A 2015 study led by a researcher at Boston Medical Center found 91 percent of chronic pain patients who overdosed on opioids were prescribed the drugs again. Despite the overdose being entered into the patient’s medical records, 70 percent of those prescriptions were written by the doctor who prescribed the drugs before the overdose.

Looking to curb overprescribing, some lawmakers are setting limits on the amount of painkillers doctors can prescribe.

In Massachusetts, a patient suffering from acute pain can only be prescribed a seven-day supply of the painkillers for their first prescription under a new law passed in March.

After a second visit, doctors would be free to prescribe the drugs for a longer period. That will only apply to adults, however. Children will only be allowed to get a seven-day supply.

Exceptions will be made for patients suffering from chronic pain.

Members of the medical community and law enforcement agree prescribing practices need to be honed, but express caution about limiting doctors’ freedom.

“Do we buy another cruiser or do we help out people who are addicted with the money that comes from drug dealers?” — Leonard Campanello

“I’m not a big fan of any kind of algorithmic fix to anything or, say, setting arbitrary limits on anything,” said Dr. Brian Work, a hospitalist and public health professor in Philadelphia. Work also chairs the board at Prevention Point Philadelphia.

“We saw it and it didn’t work with three strikes and you’re out in law. Equally, in medicine with complex issues, I don’t think that works very well,” he said.
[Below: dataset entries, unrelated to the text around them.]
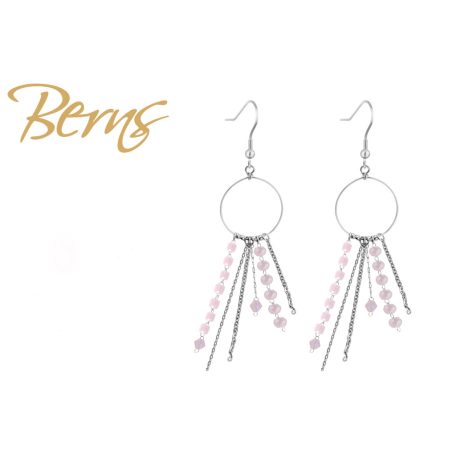 R34300 EARRINGS PEACH LTROSE SS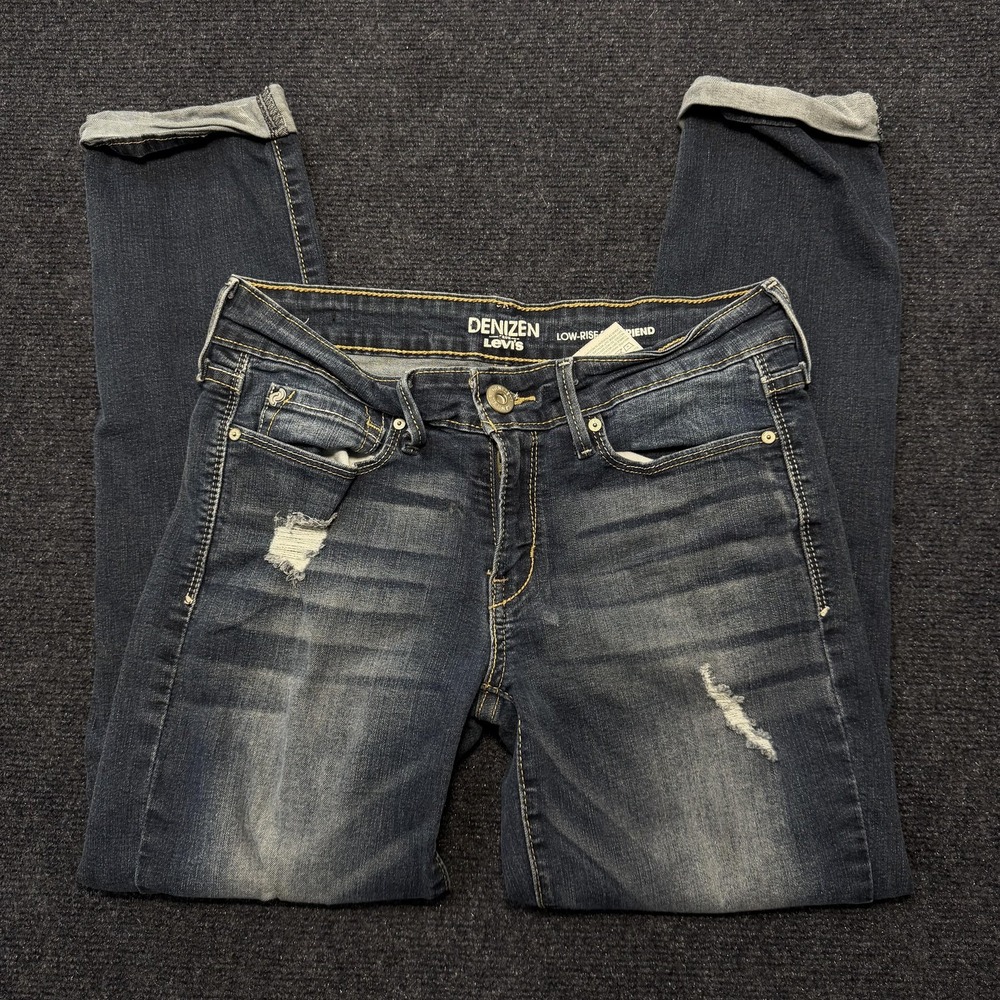 DENIZEN From Levis Low-Rise Boyfriend Jeans Womens 26 Blue Med Wash Distressed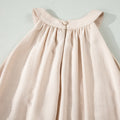 Beige Sheer Hollowed Floral Lace Hem Patchwork Loose Halter Summer Dress - Damesmode Afbeelding 6 - Foto 6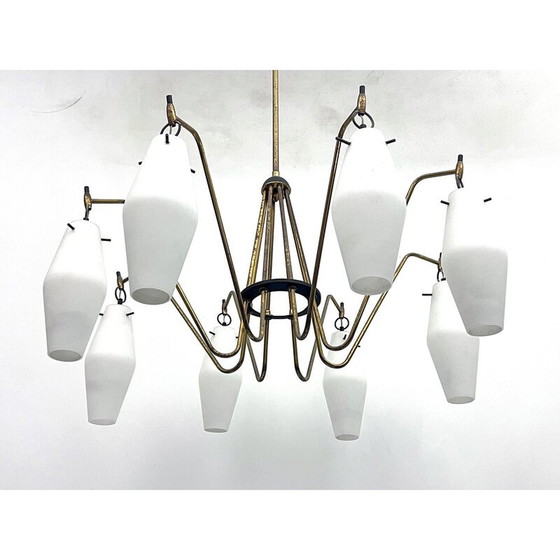 Image 1 of Lampadario vintage con 8 bracci in vetro, Italia 1950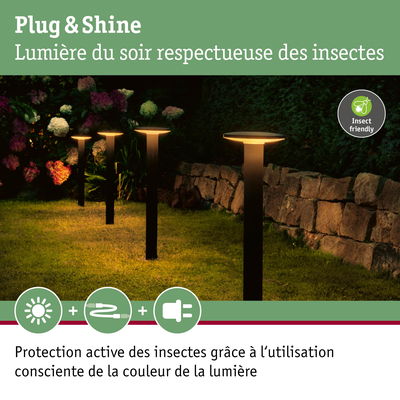 Quatre lampes de jardin LED noires avec lumière blanche chaude respectueuse des insectes dans un jardin.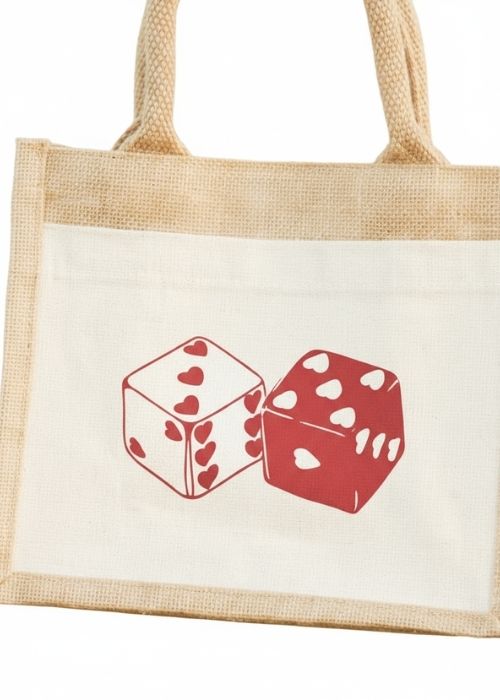Petit Sac en Jute "Dés d'Amour"
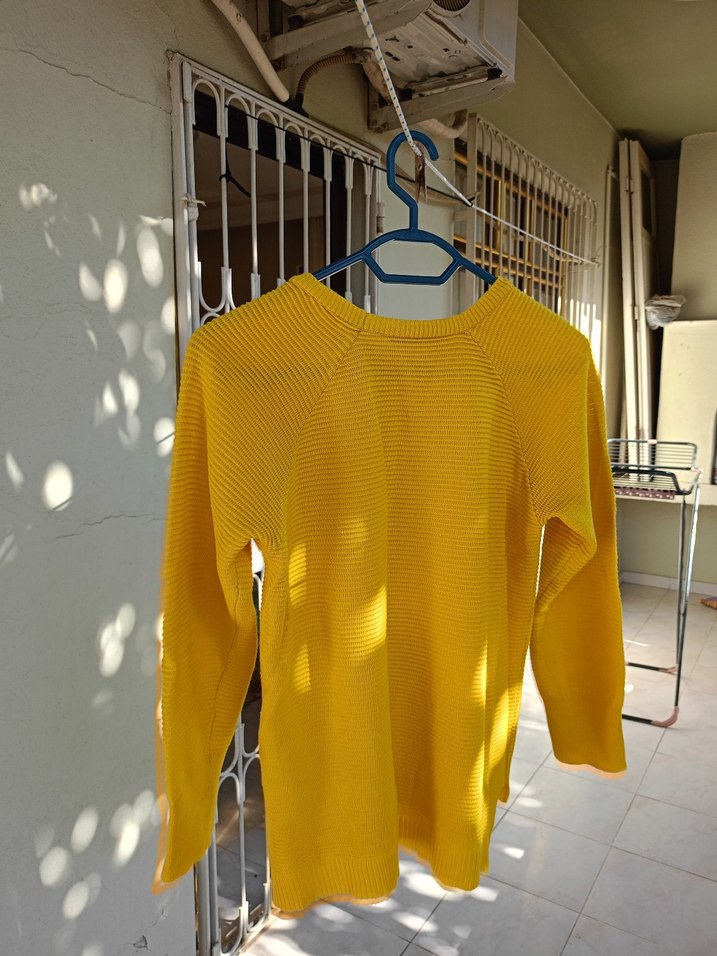 Hardal sarisi Kadın Triko Uzun Kollu Kazak - Görsel 4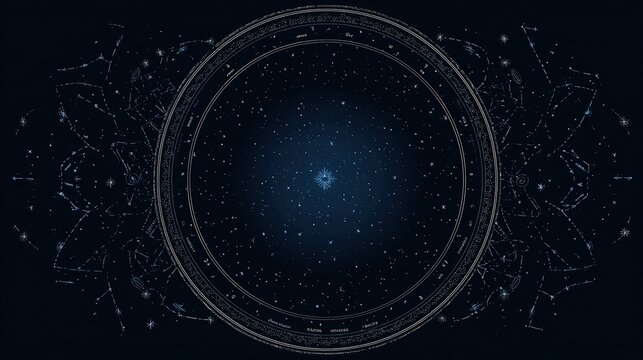 Circular astrological chart; stars in deep space, could be used for astrology illustration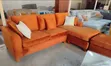 Orange Corner Sofa Set with Pouffe - 1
Leonard Campanello, chief of police in Gloucester, believes there’s another entity that needs to come to the table helping to address this crisis: The pharmaceutical companies.

He’s calling on them to release abuse deterrent formulas to generic drug makers including coatings that make pills hard to crush or dissolve, to support drug monitoring programs, and to have an independent group provide training to police and the medical community.

“It’s like putting the fox in the hen house and teaching them how to go away from the fox. It’s a joke,” he said.

If the manufacturers don’t voluntarily offer help, Campanello believes legal intervention could be necessary.

“If any entity in this epidemic is not going to come to the table voluntarily and altruistically, then I think there’s an opportunity to hold people accountable for the state, their role, the role they play to this epidemic,” he said.


Law enforcement officials who have developed these innovative approaches to attacking the opioid and heroin epidemic see their efforts as a stop gap.

They believe a day will come when the public health sphere renders their work unnecessary.

“We should be a catalyst. We should be an entry point into an established system for people getting better and saving their lives,” said Thomson. He says police have a wide set of responsibilities and cannot be expected to shoulder the burden alone.

“We just want the problem to get fixed,” said Campanello. “That’s why we need all these stakeholders to come in and then law enforcement will step out and say, ‘We’re just a safe haven. We can make one phone call and you guys took care of the rest.’”

Until a comprehensive strategy is put in place to combat every facet of this opioid and heroin epidemic, police will continue to carry out their primary directive: Preserve life.